*PROMPT*.
The output must be exactly the lines from the "Jesus and Girl" line through the end of the listing below, with no picture included.

*SUPPLIED MATERIAL*.

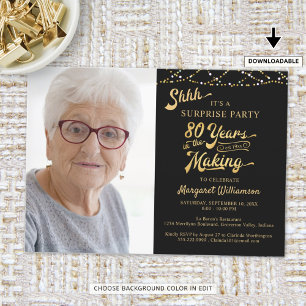 Invitation 80e anniversaire surprenant ANNÉES DANS LA photo d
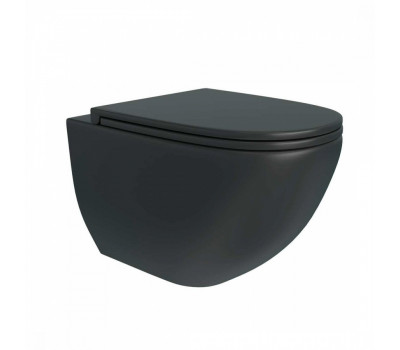 Унитаз подвесной Maretti Elena безободковый с микролифтом, EA10PBM61-560, черный Унитаз подвесной Maretti Elena безободковый с микролифтом, EA10PBM61-560, черный
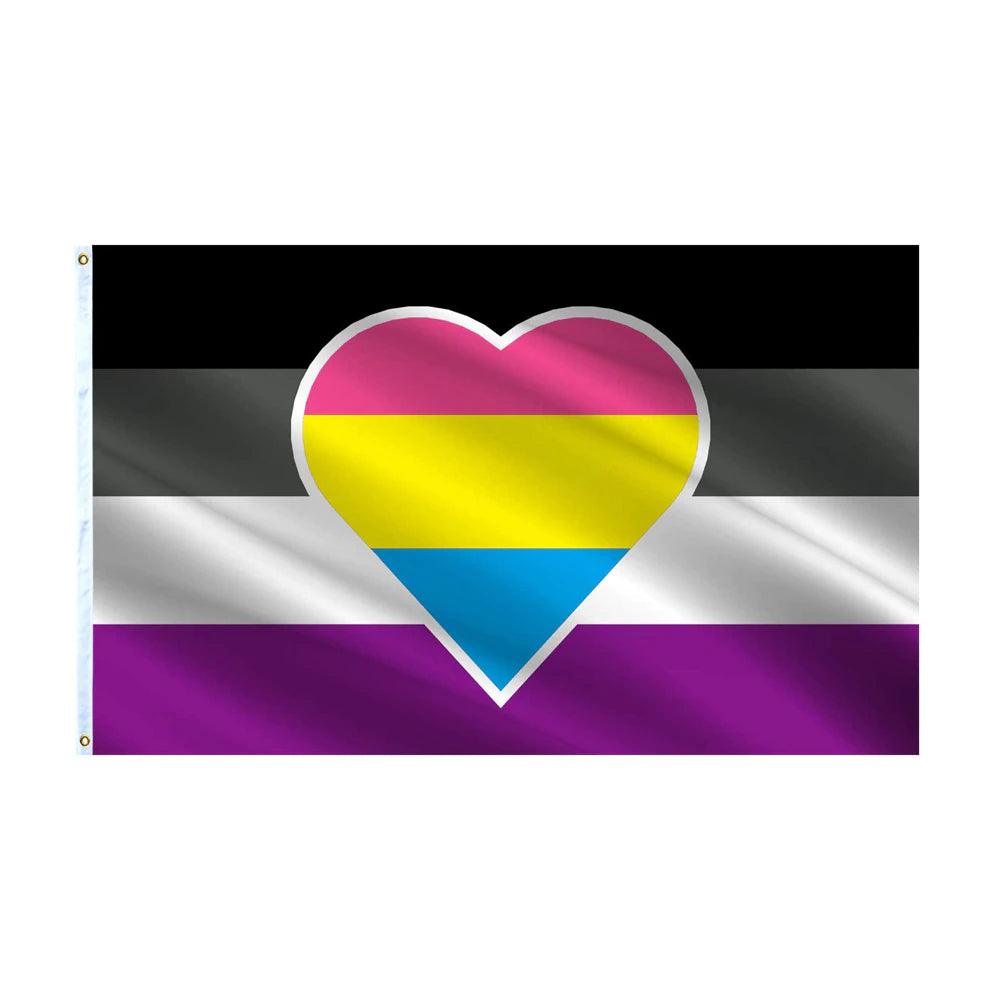 Asexual Panromantic Heart Flag-Globe Flags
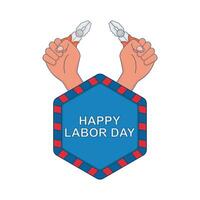 Illustration of happy labor day vector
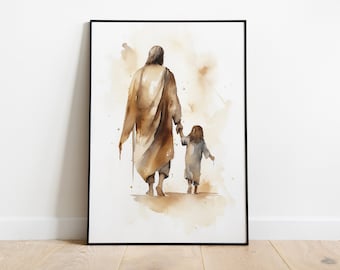Jesus and Girl Watercolor Painting: Religious Art Print (Digital Download)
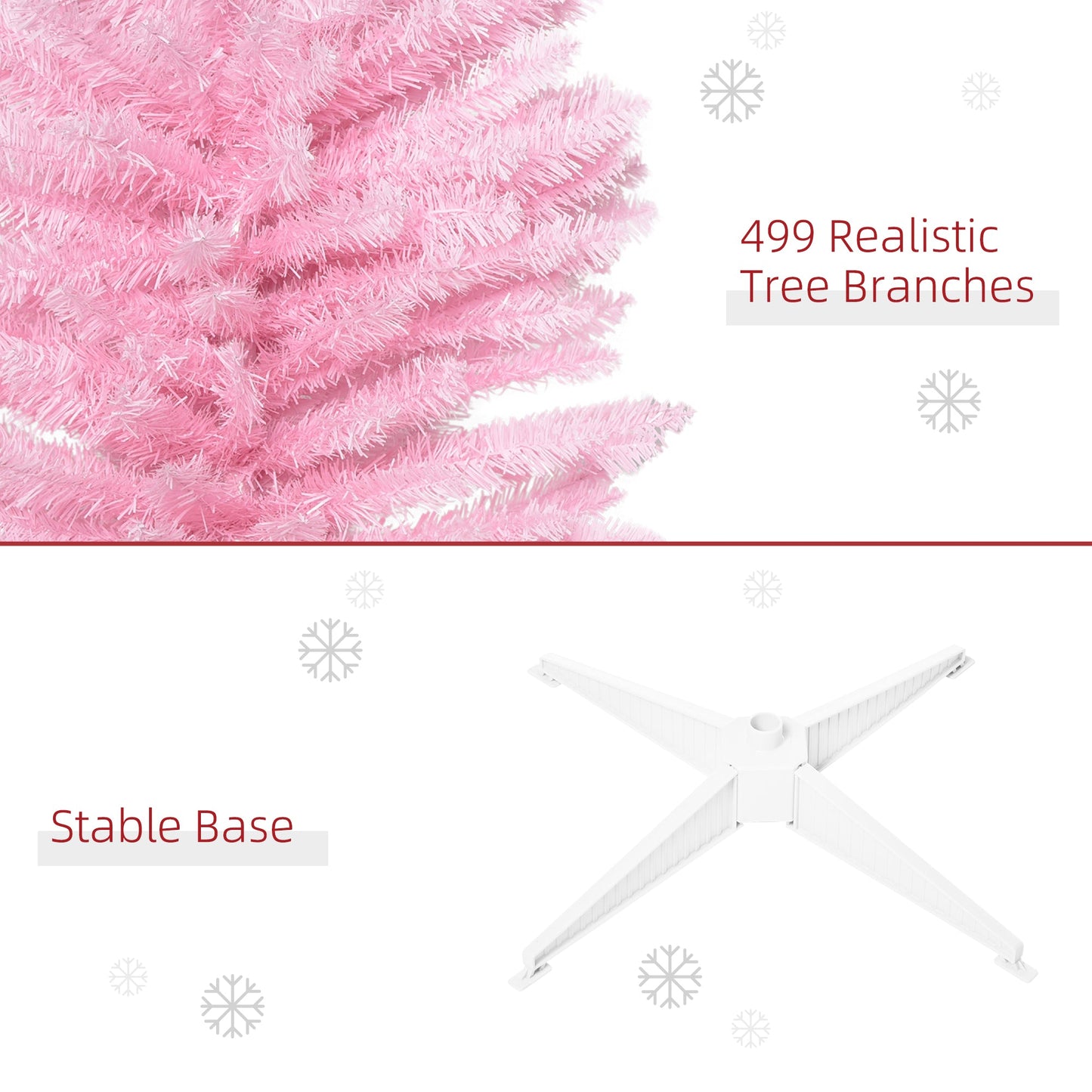 HOMCOM Pink Slim Pencil Christmas Tree for Small Spaces, 7'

*TASK RESPONSE*.
Jesus and Girl Watercolor Painting: Religious Art Print (Digital Download)
 HOMCOM Pink Slim Pencil Christmas Tree for Small Spaces, 7'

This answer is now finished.